Meditating Like a Scotsman

Another scandal is making the rounds in Western Buddhist circles. There’s no point in dredging up the details; they can be summed up as: a widely respected meditation teacher had a sex scandal and his response has been a mix of “so what?” and victim blaming.

The community response has taken three forms:

  1. He wasn’t a real meditation teacher if he did this things. The years he was put on a pedestal and his teachings respected were all a sham.
  2. His teachings are still sound, we should follow the good parts and admit he had personal failings.
  3. You can’t judge the behavior of enlightened beings. He did nothing wrong.

The third argument is how cults form. It’s obviously bonkers, so let’s ignore it for now.

The first argument is a rehashing of the no true Scotsman fallacy. It’s rather convenient to ex post facto declare that someone’s not a true meditator.

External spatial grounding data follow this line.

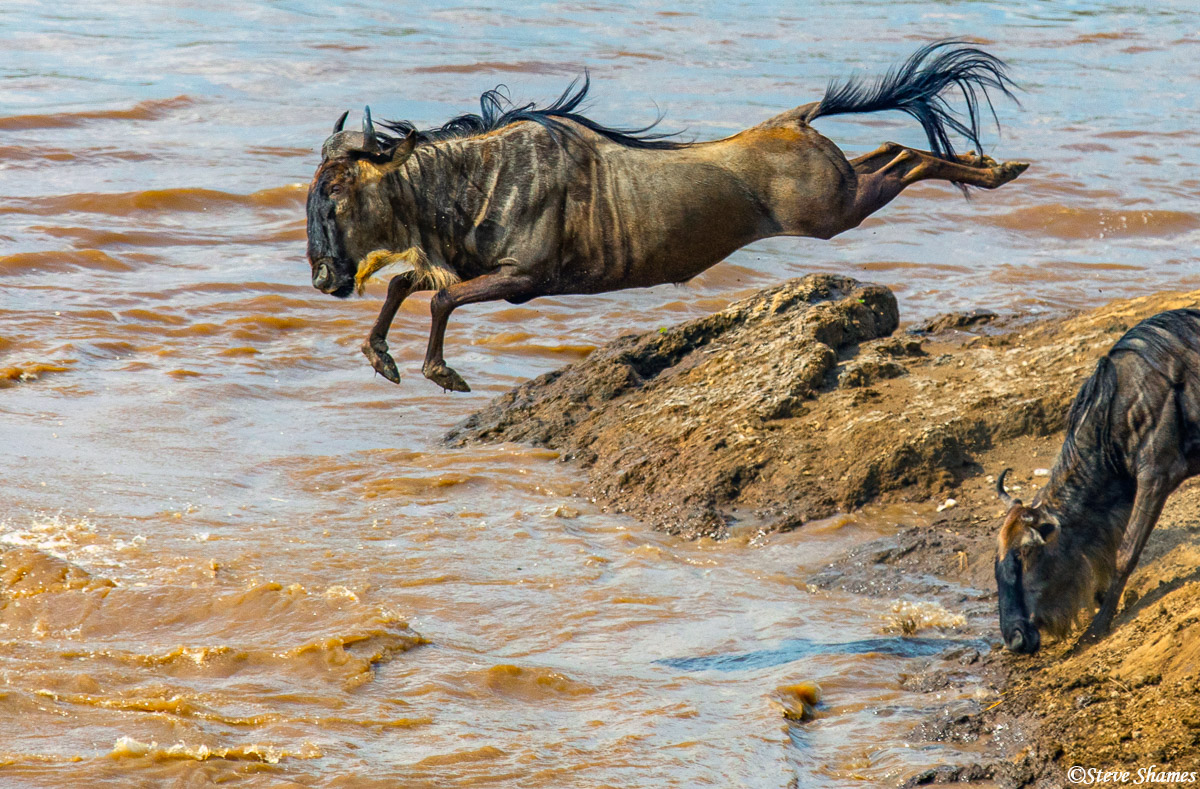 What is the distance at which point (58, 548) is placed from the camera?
660cm

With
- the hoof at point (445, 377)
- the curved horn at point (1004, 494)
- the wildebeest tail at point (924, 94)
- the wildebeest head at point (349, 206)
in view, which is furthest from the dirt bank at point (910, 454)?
the wildebeest head at point (349, 206)

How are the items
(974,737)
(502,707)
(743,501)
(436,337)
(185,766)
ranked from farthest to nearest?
(743,501)
(436,337)
(502,707)
(974,737)
(185,766)

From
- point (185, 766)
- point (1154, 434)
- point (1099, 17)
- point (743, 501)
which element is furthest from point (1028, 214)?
point (1099, 17)

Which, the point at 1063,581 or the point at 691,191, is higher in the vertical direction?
the point at 691,191

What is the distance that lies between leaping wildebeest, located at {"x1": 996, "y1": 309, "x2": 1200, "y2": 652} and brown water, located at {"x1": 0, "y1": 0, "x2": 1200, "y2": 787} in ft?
2.27

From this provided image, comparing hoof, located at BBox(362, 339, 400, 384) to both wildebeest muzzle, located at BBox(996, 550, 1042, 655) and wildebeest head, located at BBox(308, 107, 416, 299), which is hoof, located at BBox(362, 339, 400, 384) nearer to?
wildebeest head, located at BBox(308, 107, 416, 299)

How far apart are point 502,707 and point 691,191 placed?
8.57ft

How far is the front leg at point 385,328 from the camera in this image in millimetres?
6391

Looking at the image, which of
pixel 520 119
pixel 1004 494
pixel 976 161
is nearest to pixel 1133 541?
pixel 1004 494

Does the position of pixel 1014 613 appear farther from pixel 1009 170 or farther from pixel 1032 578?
pixel 1009 170

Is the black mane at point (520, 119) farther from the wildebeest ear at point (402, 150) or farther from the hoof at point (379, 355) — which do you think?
the hoof at point (379, 355)

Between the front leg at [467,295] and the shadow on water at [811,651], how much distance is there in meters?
1.72

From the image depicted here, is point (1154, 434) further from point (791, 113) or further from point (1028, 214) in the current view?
point (1028, 214)

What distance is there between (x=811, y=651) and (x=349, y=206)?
9.85 ft
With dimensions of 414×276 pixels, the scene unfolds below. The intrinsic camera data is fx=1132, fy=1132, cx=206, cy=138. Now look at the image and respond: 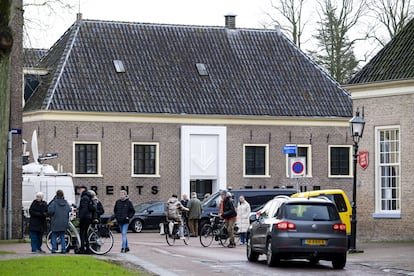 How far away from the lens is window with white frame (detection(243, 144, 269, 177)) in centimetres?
5800

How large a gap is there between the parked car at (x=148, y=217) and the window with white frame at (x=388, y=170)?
1500 centimetres

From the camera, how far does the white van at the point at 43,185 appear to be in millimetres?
43562

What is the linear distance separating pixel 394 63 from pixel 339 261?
12.6m

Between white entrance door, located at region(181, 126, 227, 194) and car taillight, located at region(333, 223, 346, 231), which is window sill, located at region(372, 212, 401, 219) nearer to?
car taillight, located at region(333, 223, 346, 231)

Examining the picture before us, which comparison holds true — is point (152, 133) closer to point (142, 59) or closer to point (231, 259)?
point (142, 59)

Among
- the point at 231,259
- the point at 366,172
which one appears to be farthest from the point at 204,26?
the point at 231,259

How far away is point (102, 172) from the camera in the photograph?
179ft

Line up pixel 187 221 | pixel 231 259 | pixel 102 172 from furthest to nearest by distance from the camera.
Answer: pixel 102 172 → pixel 187 221 → pixel 231 259

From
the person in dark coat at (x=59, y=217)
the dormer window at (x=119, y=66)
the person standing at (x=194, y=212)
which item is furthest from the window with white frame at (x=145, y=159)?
the person in dark coat at (x=59, y=217)

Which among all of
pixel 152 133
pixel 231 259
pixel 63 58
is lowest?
pixel 231 259

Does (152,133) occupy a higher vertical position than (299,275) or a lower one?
higher

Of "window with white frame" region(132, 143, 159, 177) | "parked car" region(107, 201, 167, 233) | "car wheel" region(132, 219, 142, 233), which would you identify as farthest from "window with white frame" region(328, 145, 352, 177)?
"car wheel" region(132, 219, 142, 233)

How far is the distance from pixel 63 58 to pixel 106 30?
342 cm

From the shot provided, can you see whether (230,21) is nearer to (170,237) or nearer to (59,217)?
(170,237) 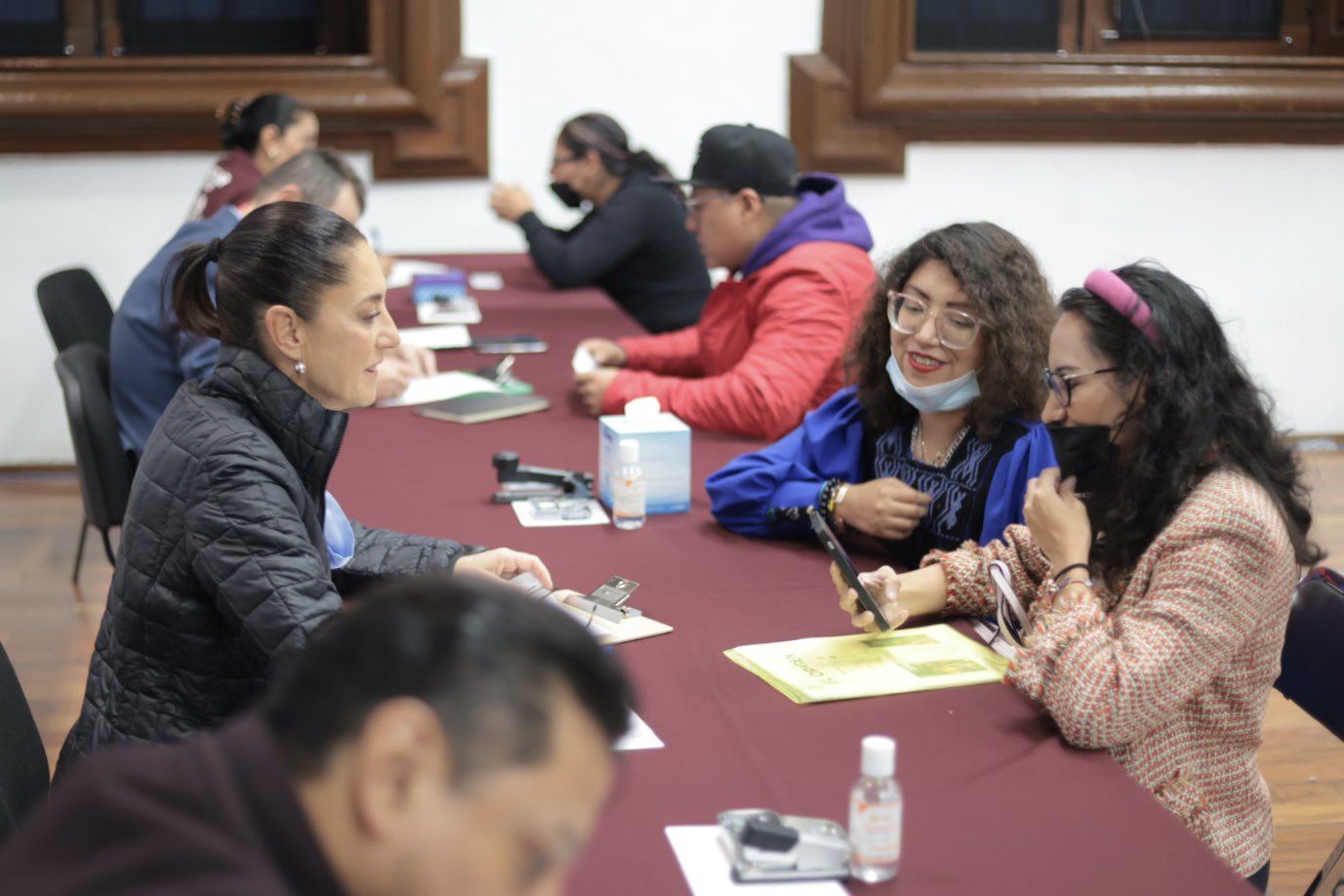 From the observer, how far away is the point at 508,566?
211 centimetres

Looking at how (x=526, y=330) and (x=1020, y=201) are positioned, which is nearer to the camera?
(x=526, y=330)

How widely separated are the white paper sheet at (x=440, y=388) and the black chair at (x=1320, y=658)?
2.05 m

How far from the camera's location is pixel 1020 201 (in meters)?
5.95

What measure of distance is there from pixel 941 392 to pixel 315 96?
3.76m

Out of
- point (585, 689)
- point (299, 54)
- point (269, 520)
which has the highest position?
point (299, 54)

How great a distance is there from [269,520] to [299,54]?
4.35 m

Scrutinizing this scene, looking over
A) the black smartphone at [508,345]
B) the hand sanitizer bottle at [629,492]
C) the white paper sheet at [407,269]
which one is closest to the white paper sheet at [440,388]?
the black smartphone at [508,345]

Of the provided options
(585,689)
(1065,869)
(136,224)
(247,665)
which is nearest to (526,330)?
(136,224)

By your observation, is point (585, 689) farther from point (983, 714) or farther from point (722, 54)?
point (722, 54)

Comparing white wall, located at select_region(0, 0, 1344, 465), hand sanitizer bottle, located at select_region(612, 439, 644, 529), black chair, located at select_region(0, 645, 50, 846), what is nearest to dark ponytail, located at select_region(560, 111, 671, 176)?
white wall, located at select_region(0, 0, 1344, 465)

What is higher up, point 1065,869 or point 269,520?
point 269,520

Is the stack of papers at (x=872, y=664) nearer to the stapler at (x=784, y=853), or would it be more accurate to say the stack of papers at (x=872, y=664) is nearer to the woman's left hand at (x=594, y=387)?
the stapler at (x=784, y=853)

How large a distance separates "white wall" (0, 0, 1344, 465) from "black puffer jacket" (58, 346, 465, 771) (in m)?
3.98

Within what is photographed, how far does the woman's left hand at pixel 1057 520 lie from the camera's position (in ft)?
6.18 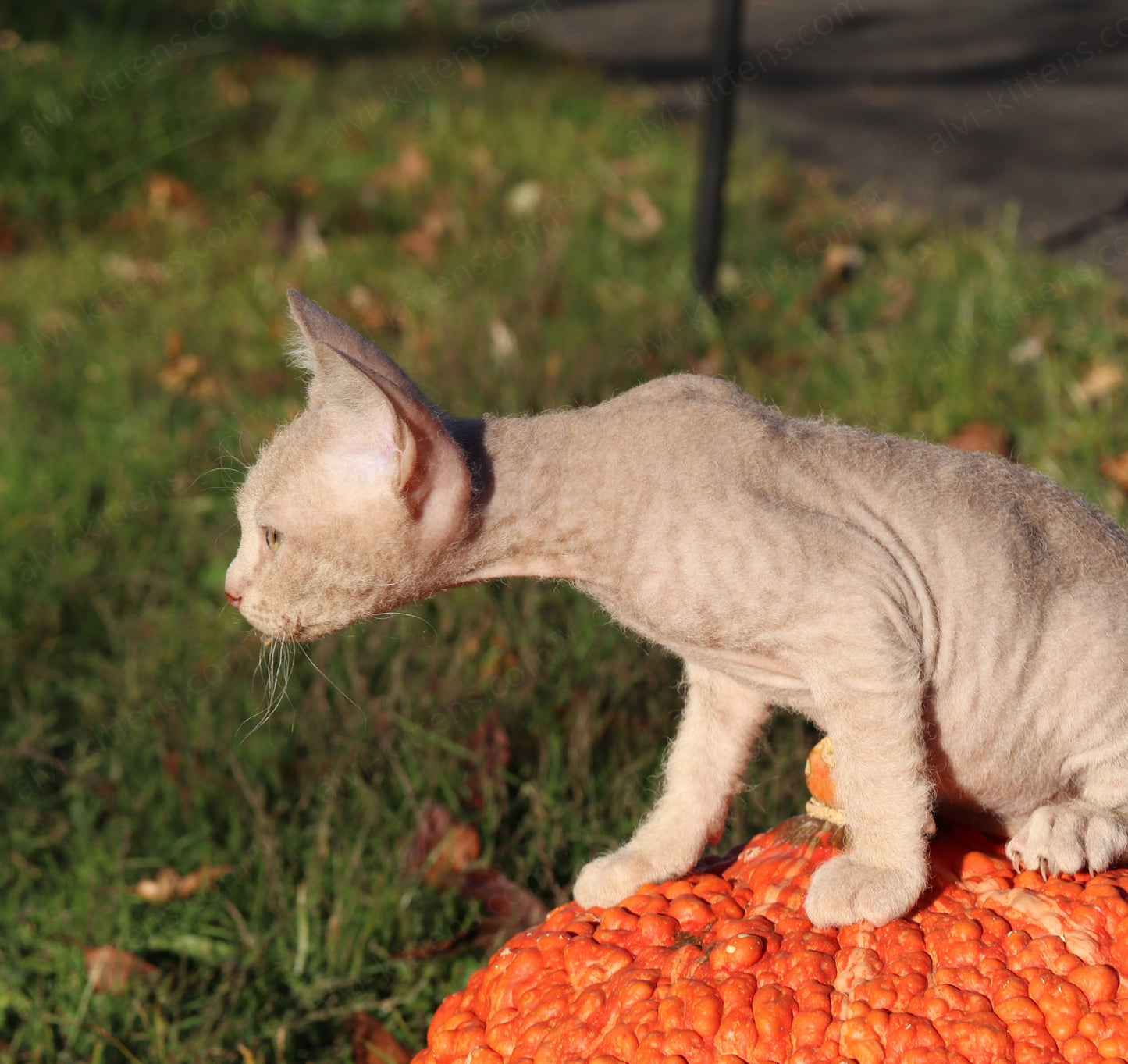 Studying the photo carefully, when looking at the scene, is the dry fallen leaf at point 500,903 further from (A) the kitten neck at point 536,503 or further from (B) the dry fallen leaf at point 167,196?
(B) the dry fallen leaf at point 167,196

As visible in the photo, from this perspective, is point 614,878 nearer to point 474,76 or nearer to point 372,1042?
point 372,1042

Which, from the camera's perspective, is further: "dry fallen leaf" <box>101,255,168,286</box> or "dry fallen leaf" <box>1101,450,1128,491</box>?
"dry fallen leaf" <box>101,255,168,286</box>

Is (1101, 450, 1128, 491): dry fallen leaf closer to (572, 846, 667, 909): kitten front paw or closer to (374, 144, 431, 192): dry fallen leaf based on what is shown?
(572, 846, 667, 909): kitten front paw

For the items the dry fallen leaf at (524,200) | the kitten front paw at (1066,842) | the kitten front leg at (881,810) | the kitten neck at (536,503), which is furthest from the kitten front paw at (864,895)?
the dry fallen leaf at (524,200)

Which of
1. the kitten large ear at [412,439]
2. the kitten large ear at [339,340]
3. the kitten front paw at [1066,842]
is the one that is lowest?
the kitten front paw at [1066,842]

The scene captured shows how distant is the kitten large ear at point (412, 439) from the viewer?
1.70 meters

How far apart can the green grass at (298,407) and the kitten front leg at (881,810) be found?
0.95 meters

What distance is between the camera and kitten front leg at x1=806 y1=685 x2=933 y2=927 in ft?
5.71

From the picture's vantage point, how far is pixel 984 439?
3930 millimetres

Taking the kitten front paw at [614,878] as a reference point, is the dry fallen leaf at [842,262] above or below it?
above

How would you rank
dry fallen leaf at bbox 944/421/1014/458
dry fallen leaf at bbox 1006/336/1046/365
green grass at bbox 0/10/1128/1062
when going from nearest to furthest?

The fact that so many are quick to go to this argument shows how deep of an influence Protestantism and Calvinism in particular have in Anglo-American culture — these debates about whether someone was really saved are a favorite pastime in some circles.

The second argument eventually comes to this same point. If you practice, teach and by all outward signs have made progress along the path, how can your basic moral compass be worse than many of those who don’t practice at all? If anything, these events (and there are many) should give us pause at just how effective a meditation practice is at building lasting positive changes.

Spiritual Bypassing

Many Westerners come to Buddhist practice as way to induce dissociation. Depending on how you practice, meditation can be pacifying, bliss inducing and a spiritual bypass from real life. Here’s a quick guide and some red flags:

If you feel the need to actively avoid uncomfortable experiences, possibly see them as “negative energy,” especially anger — you might be by-passing or dissociating.

If you often feel ungrounded and spacey, that’s a telltale sign of dissociation. Bringing awareness back into your body will benefit.

If you go into a haze during your sit-down meditation time, that’s dissociation. Try to return to the point of focus and bring yourself back into embodiment.

In other words, if you’re using meditation to self-medicate the same way someone would use drugs or alcohol, that’s not a healthy practice. And that’s the rub: even things that have great potential for good like meditation and psychedelics can become numbing agents.

I fear I’m coming close to the Scotsman fallacy myself, but true Buddhist practice is about waking up, becoming aware to the world around you and dealing with its shortcomings in a constructive way. It isn’t supposed to be about zoning out.

Practice that Awakens

Some of the most popular forms of practice in the West are those that easily tend to zoning and blissng out (samatha) or those actively aimed at dissociation (the Vipassana movement). Both of these can be part of a healthy practice, but it’s easy to get sidetracked.

There are traditions though that are much more attuned to being present in reality:

Any practice system that doesn’t focus on the fundamentals of Buddhist ethics, non-harm to self and others, is likely more about zoning out than spiritual development.

The core Buddhist texts and practices were designed for monastics, with most lay practice becoming merely devotional over the centuries. Because of this, traditions with a strong lay involvement (Stoicism, Quakerism) might be a better approach for developing spiritual and emotional maturity for most lay people.

In any case, by their fruits ye shall know them.